Task goal:
From the data below, copy out every line in which the word "means" occurs.

=====

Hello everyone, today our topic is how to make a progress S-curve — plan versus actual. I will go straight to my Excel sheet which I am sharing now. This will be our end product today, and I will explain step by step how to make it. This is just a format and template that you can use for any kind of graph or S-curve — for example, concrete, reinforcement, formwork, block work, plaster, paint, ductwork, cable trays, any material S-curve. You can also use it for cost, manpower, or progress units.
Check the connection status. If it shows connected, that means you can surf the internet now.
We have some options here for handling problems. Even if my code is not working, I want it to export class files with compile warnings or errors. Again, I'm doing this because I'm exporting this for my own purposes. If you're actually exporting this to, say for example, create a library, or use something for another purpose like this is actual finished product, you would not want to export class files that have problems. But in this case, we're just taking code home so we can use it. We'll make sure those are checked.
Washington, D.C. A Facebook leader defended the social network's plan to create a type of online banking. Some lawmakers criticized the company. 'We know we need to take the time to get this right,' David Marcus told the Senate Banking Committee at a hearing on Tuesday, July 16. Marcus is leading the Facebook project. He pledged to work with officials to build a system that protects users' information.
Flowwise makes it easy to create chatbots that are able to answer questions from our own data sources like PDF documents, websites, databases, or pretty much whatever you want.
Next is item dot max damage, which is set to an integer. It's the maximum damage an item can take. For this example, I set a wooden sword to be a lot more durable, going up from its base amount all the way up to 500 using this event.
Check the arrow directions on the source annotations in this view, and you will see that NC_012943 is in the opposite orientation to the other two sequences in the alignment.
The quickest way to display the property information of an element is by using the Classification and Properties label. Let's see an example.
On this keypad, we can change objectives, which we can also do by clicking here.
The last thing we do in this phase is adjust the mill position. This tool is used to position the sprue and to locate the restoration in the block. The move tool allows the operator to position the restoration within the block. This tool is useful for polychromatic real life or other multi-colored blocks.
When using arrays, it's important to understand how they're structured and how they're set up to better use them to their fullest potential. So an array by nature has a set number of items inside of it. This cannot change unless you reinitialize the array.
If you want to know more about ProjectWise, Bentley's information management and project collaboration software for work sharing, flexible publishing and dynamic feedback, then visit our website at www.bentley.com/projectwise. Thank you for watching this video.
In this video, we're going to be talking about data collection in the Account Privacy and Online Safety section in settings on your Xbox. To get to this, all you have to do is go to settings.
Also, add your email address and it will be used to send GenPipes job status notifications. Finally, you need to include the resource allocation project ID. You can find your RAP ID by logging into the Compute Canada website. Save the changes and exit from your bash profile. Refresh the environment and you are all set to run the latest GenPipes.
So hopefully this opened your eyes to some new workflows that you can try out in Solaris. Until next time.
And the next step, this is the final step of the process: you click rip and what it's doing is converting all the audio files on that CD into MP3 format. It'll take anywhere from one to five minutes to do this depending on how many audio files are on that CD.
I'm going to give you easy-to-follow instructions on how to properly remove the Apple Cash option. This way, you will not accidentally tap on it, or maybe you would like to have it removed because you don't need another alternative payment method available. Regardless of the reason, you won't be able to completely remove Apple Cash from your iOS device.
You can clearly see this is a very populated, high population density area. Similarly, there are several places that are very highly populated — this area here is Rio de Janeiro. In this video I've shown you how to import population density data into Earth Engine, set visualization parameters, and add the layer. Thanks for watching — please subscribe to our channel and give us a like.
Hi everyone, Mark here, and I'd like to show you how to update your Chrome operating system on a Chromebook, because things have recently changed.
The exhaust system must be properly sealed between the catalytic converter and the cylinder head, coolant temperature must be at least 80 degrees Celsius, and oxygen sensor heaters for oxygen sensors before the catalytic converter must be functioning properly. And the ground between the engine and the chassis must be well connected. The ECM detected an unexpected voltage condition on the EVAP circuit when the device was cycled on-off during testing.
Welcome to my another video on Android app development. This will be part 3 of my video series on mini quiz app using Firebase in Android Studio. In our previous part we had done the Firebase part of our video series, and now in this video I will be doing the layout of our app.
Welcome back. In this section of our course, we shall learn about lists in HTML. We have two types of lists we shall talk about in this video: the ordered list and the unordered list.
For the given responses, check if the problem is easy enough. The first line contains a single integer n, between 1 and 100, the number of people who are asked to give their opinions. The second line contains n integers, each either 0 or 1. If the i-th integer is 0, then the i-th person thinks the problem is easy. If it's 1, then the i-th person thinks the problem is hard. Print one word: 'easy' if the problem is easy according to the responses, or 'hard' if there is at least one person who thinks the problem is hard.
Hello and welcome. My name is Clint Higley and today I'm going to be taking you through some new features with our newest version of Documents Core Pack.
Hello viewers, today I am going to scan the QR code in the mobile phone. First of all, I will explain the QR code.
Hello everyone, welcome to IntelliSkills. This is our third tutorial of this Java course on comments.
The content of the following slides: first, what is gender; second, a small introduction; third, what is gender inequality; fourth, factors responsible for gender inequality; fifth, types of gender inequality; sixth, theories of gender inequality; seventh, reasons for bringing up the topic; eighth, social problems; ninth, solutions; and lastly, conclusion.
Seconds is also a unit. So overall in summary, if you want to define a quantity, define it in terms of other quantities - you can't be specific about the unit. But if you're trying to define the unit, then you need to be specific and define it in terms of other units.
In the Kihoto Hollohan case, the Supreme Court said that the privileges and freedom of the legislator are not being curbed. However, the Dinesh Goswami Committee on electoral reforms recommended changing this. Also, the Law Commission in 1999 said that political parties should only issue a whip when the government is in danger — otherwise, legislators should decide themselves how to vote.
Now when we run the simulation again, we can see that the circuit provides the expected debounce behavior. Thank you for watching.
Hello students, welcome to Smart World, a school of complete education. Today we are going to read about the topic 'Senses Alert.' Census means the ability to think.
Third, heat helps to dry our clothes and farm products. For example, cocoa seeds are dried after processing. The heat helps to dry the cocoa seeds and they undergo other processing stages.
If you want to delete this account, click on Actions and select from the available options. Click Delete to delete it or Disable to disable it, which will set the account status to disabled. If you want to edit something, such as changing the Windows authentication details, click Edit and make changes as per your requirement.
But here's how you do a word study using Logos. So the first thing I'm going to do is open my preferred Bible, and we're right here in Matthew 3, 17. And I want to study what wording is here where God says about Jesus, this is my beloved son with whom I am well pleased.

=====

Task response:
Check the connection status. If it shows connected, that means you can surf the internet now.
Hello students, welcome to Smart World, a school of complete education. Today we are going to read about the topic 'Senses Alert.' Census means the ability to think.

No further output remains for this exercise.